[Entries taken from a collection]
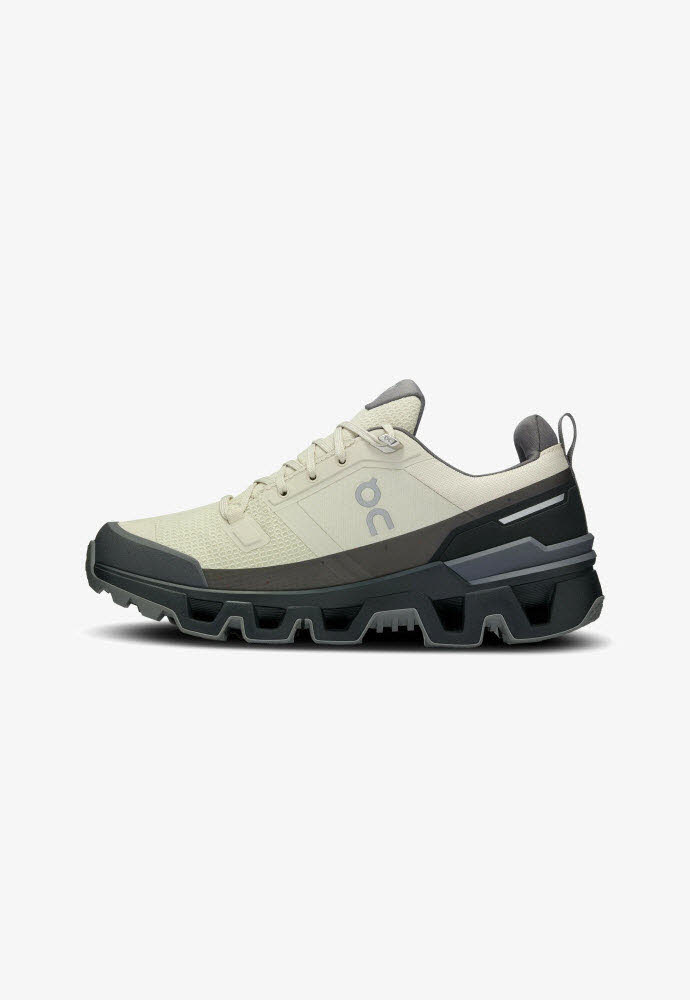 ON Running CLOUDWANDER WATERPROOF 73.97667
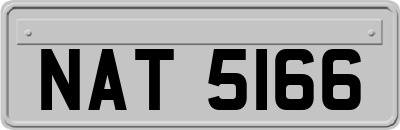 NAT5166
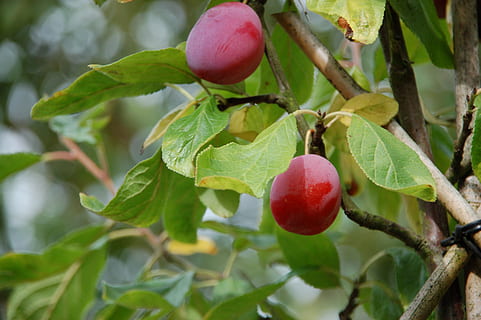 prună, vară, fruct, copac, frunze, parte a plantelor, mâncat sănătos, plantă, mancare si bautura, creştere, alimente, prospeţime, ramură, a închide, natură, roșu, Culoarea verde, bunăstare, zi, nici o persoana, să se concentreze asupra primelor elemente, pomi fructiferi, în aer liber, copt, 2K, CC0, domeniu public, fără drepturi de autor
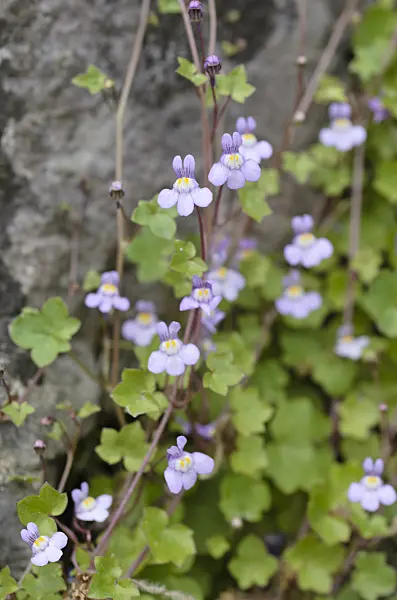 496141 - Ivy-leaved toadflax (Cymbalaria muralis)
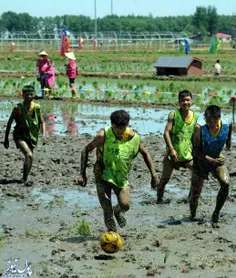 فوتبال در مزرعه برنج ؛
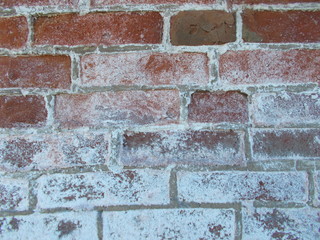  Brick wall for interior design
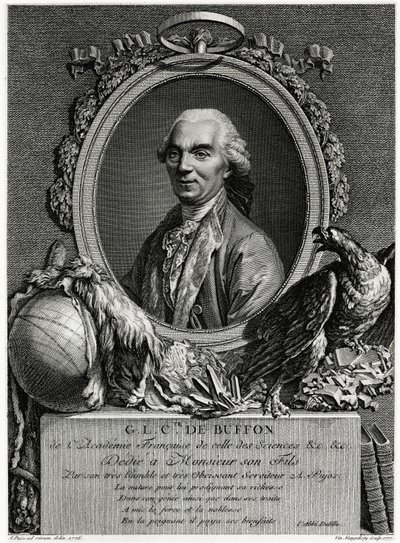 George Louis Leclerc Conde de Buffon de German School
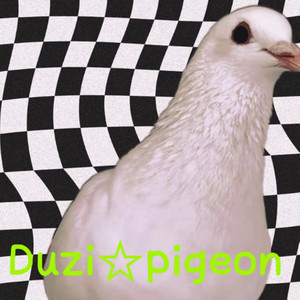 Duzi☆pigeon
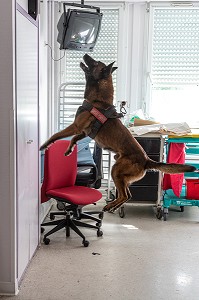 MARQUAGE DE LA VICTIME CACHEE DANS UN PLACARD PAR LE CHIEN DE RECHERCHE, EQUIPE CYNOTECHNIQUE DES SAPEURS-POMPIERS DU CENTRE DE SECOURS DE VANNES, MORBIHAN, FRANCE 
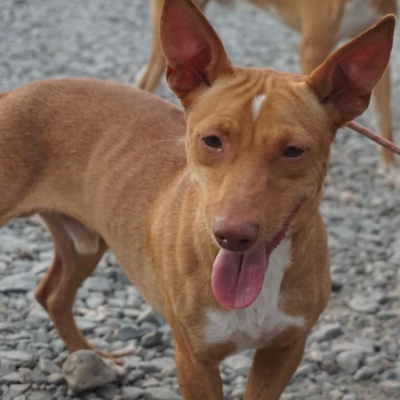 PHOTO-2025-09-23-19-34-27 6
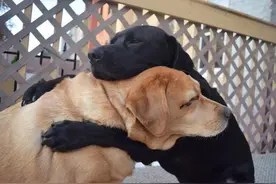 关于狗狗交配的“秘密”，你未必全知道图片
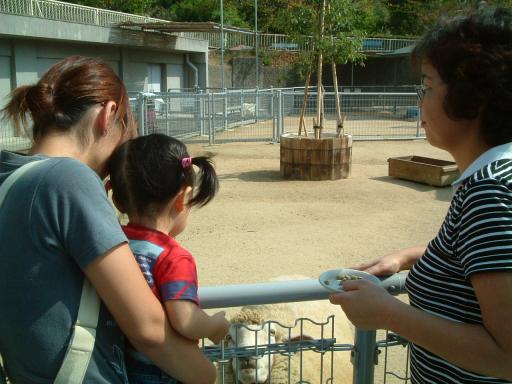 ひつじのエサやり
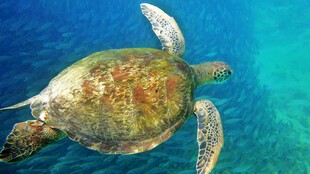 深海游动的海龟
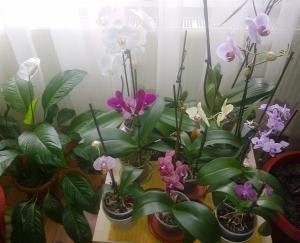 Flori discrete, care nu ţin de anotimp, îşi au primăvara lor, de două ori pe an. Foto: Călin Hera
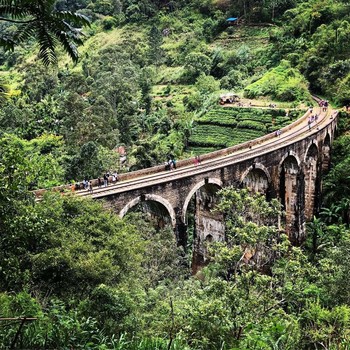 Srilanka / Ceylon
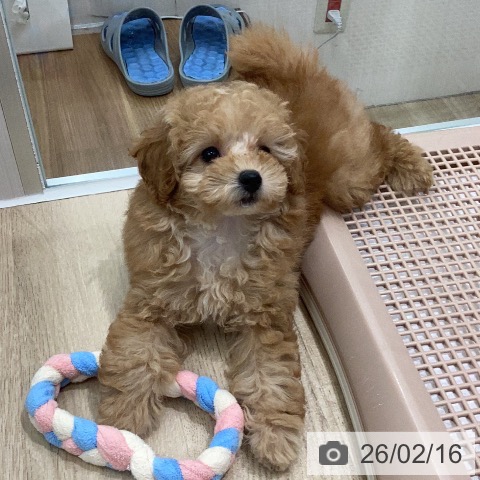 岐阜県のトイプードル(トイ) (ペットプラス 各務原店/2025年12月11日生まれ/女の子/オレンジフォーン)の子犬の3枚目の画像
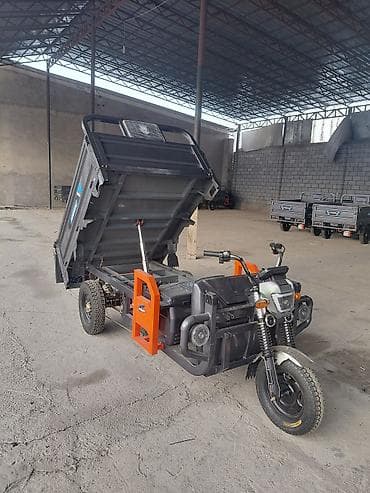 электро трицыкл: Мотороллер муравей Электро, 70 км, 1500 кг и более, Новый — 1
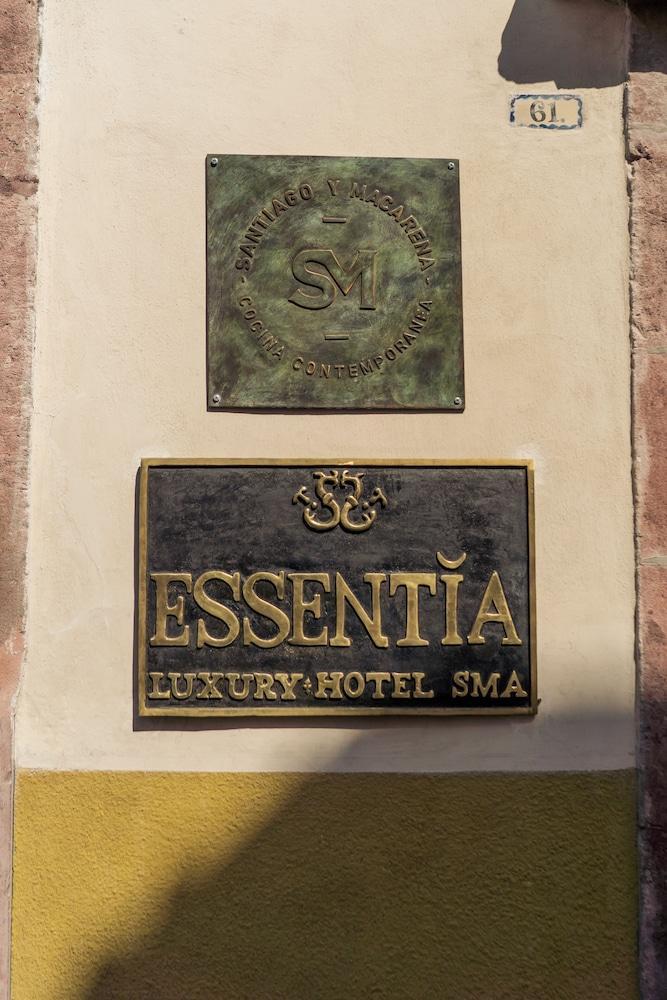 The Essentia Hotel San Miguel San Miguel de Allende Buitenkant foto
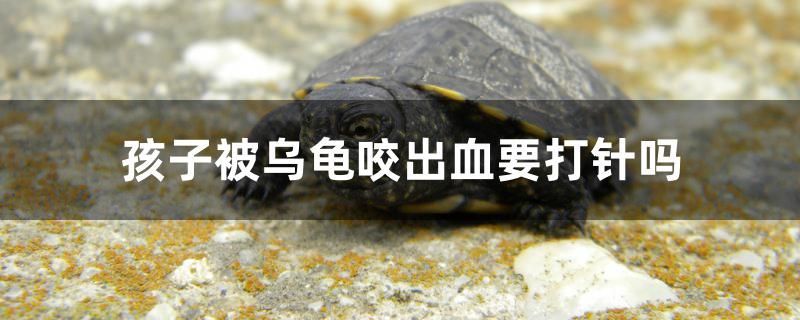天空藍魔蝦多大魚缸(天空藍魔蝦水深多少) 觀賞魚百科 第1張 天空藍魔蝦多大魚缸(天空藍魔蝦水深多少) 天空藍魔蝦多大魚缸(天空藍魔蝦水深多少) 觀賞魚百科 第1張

#### WHAT THE TASK ASKS:
What must be output is the exact run of lines from the one holding "MARQUAGE DE LA" through the end of the entries above, both ends included, minus the pictures.

#### RESPONSE TO THE EXERCISE:
 MARQUAGE DE LA VICTIME CACHEE DANS UN PLACARD PAR LE CHIEN DE RECHERCHE, EQUIPE CYNOTECHNIQUE DES SAPEURS-POMPIERS DU CENTRE DE SECOURS DE VANNES, MORBIHAN, FRANCE 
 PHOTO-2025-09-23-19-34-27 6
 关于狗狗交配的“秘密”，你未必全知道图片
 ひつじのエサやり
 深海游动的海龟
 Flori discrete, care nu ţin de anotimp, îşi au primăvara lor, de două ori pe an. Foto: Călin Hera
 Srilanka / Ceylon
 岐阜県のトイプードル(トイ) (ペットプラス 各務原店/2025年12月11日生まれ/女の子/オレンジフォーン)の子犬の3枚目の画像
 электро трицыкл: Мотороллер муравей Электро, 70 км, 1500 кг и более, Новый — 1
 The Essentia Hotel San Miguel San Miguel de Allende Buitenkant foto
天空藍魔蝦多大魚缸(天空藍魔蝦水深多少) 觀賞魚百科 第1張 天空藍魔蝦多大魚缸(天空藍魔蝦水深多少) 天空藍魔蝦多大魚缸(天空藍魔蝦水深多少) 觀賞魚百科 第1張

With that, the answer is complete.